The decision was released publicly this morning by the United States District Court for the District of Columbia. The case, John Doe v. Donald Rumsfeld, et al, (No. 08-cv-1902 CKK), is available here.

Out of many suits brought against Rumsfeld over the torture of detainees in Iraq, this is only the second case that has been allowed to proceed. The Government Accountability Project (GAP) is co-counsel in this suit, along with the Chicago-based civil rights law firm Loevy & Loevy (The other case that is proceeding is Donald Vance and Nathan Ertel v. Donald Rumsfeld, et al (06 C 6964), which is also being handled by Loevy & Loevy).

“John Doe is acting as a whistleblower for all American contractors working overseas,” stated GAP National Security & Human Rights Director Jesselyn Radack. “This case will prove that Cabinet officials don’t enjoy carte blanche to treat American citizens however they wish.”

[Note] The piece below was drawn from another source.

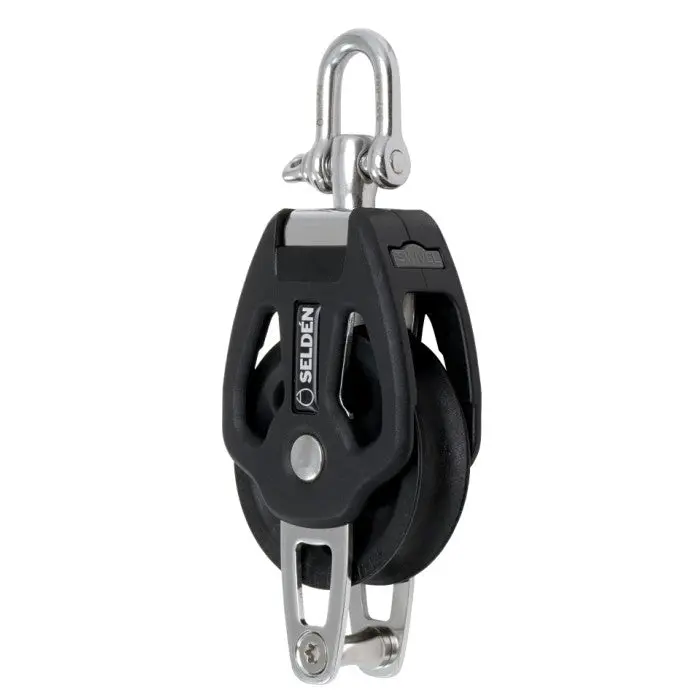Selden 60Mm Plain Bearing Single Becket Block Pbb60 1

“This case affects tens of thousands of American citizens who work on behalf of the United States in warzones,” said Attorney Mike Kanovitz of Loevy & Loevy. “We are relieved that the courts are going to exercise their constitutional role of judicial review instead of giving the President a blank check when it comes to the fundamental rights of U.S. citizens. There is a clear record showing that Mr. Rumsfeld authorized the use of brutal interrogation techniques that violated our nation’s constitution. Like all Americans, my clients just want a level playing field and a fair jury. Now they his going to get that.”

Last year, a federal court in Chicago held in Vance that two American citizens who were also tortured while detained by U.S. forces in Iraq could bring constitutional claims against Rumsfeld. That decision is currently on appeal to the United States Court of Appeals for the Seventh Circuit. A decision is expected soon.

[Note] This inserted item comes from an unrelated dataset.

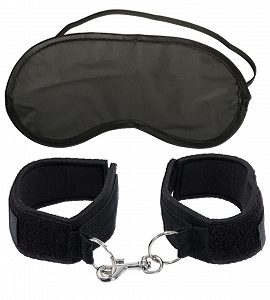 Fetish Fantasy First Timers Cuffs Black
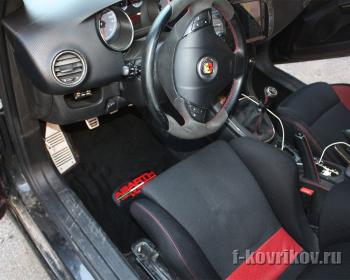 Коврики в салоне Fiat Bravo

In November 2005, while working as a contract translator in Iraq for the Marine Corps, “Doe,” an American citizen, was taken into custody as he was returning home to the United States on leave. Doe alleges that he was kidnapped by U.S. military personnel and whisked away to Camp Cropper, a U.S. military base in Iraq. As the suit notes,

Plaintiff was not held for the purpose of an investigation or prosecution by any branch or component of the Iraqi government. Nor did United States officials charge him with any crime, nor had he committed any crime. Plaintiff was not told when or if he would ever be able to leave. For months, no one in his family could find out if he was even alive. All they knew was that he had disappeared…. Throughout his detention, Plaintiff was held in torturous conditions of confinement, subjected to threats on his life, and denied an attorney or even access to a legitimate court to challenge the government’s actions.

After being held incommunicado for nine months without charges, Doe was released without explanation or an apology.

In John Doe v. Rumsfeld, the plaintiff was granted anonymity by the court due to fears that his relatives could be subject to retaliation.